Bulguları farelerde de test eden ekip, başarılı sonuçlar elde ettiklerini aktarıyor. 

Araştırmacılar dijital model sayesinde, fare beyinlerinin hipokampus bölgesindeki hücre dönüşümünü sağlayan 4 ana düzenleyiciyi de saptadı. Bu bulgu, beyin kanserinin yayılmasını inceleyip tersine çevirme çalışmalarına katkı sağlama potansiyeli taşıyor. 

Ayrıca yeni teknoloji, diğer kanserlerdeki hücrelerin değişim sürecini daha iyi anlayıp tedavi etme yolunda sistematik bir yol haritası çizme imkanı sunuyor. 
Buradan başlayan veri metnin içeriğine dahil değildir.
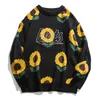 Men's Sweaters 2021 Top Fashion Arrival Winter Sunflower Flower Sale Men Sweater O-neck Pullovers Appliques Brand Clothing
Hakemli dergi Advanced Science'ta yayımlanan çalışmaya liderlik eden Kwang-Hyun Cho "Kanserli hücrelerin tekrar normal hücrelere dönüştürülebilmesi şaşırtıcı bir olgu" diyerek ekliyor:

Bu araştırma, kanserli hücrelerin normal hücrelere geri döndürerek yenilikçi bir tedavi konseptini ortaya koyuyor. Ayrıca normal hücrelerin değişme sürecinin sistematik analizi yoluyla, kanserin tersine çevrilmesi için hedeflerin belirlenmesine yönelik temel teknolojiyi de geliştiriyor.